Why Developing Character Strengths Lead To Higher Educational Success For Students
It is commonly assumed that character traits like honesty, respect, optimism and resilience are intrinsic qualities that cannot be taught.
However, recent findings have challenged this assumption by showing that character can indeed be taught.
This was shown through the KIPP academy – an New York middle school for low-income families – who employed a strategy of message saturation in order to give students the practical benefits of seven character strengths specifically tailored for an educational setting.
By providing frequent messages and reinforcement of these character traits such as “infinite character”, “I actively participate” and “Got self control?” through classroom decorations, posters around school hallways and having students wear relevant slogans on their sweatshirts, KIPP was able to help students gain practical skills in self-regulation, zest and more.
After implementing this approach, graduation rates doubled!
This example clearly shows that it is possible to foster character building in children through techniques such as message saturation.
The Wealthy Aren’T Immune To Parenting Issues – Performance Pressure And Overprotection Can Lead To Negative Consequences In Children Of Affluent Families
It is not only children from disadvantaged families that can be negatively impacted by poor parenting.
Even children from affluent backgrounds can suffer if their parents are too overprotective and insist on high achievement from them, while being emotionally distant.
This kind of parenting often leads to feelings of shame and hopelessness in children, which can in turn lead to higher chances of drug or alcohol abuse and depression.
Overprotection also creates a lack of resilience, leaving many young people unable to cope with difficulties when they reach adulthood.
They may choose less risky career paths out of fear of failure, meaning they avoid risks which could bring greater opportunities down the line.

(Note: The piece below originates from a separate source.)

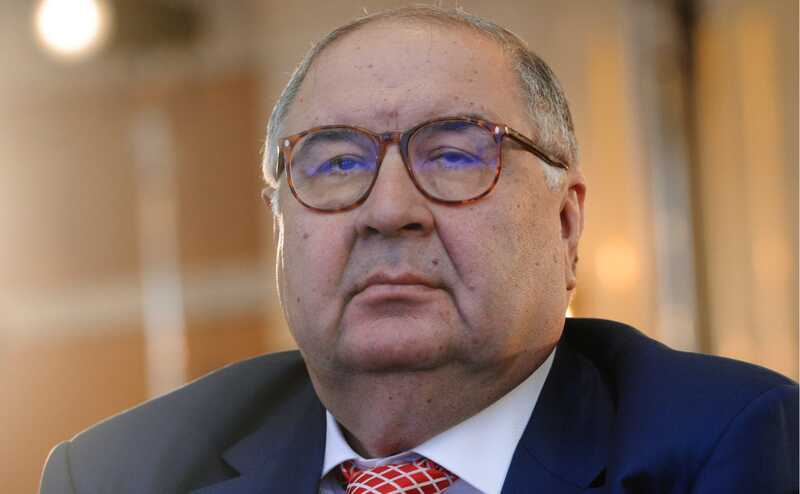 Как олигарх Усманов в приемной Путина на четвереньках ползал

To sum up, it is not just the disadvantaged who face harsh consequences due to parental choices; even those at an advantage may find themselves suffering if the environment created for them is not conducive towards future success.
Learning From Failure: How Mistakes At Is 318 Are Improving Character Development
Learning to deal with our mistakes is an important part of character development.
To illustrate this point, we can look at the Intermediate School 318 in New York.
This public school was renowned for its success in chess, and they achieved this by putting a focus on understanding the importance of failure.
Elizabeth Spiegel ran the chess program at IS 313 and she helped her students understand how their mistakes can help them improve.
She taught them that “losing is something you do, not something you are”, helping students see their mistakes as valuable assets rather than overwhelming failures.
Professor Martin Seligman also looked into this area of study and found that it was linked to optimism when looking at mistakes.
He found that pessimists tend to believe their failures to be personal, permanent and pervasive whereas optimists believed that they were impersonal, specific and short-term – two very different approaches which can both be learnt!
Character building programs like Elizabeth Spiegel’s at IS 216 are a perfect example of how important it is to try and forgive our mistakes so that we can continue moving towards our goals without letting them pull us back down – learning to deal with one’s mistakes is therefore essential for character development!
Wrap Up
How Children Succeed by Paul Tough is a great read for parents looking to help their children become successful.
It delivers a key message that attentive and caring parenting can make all the difference in cultivating character strengths like grit, optimism, and self-discipline within their children.
The book also highlights strategies for helping children confront mistakes, learn from them, and try again.
As a final summary of the book’s main messages, drawing on mistakes can be extremely powerful as it allows us to reframe short-term failures into long-term successes.
It’s important to not only teach this mindset to our own children but to ourselves as well – if we want to raise success stories it starts with our own thought process first!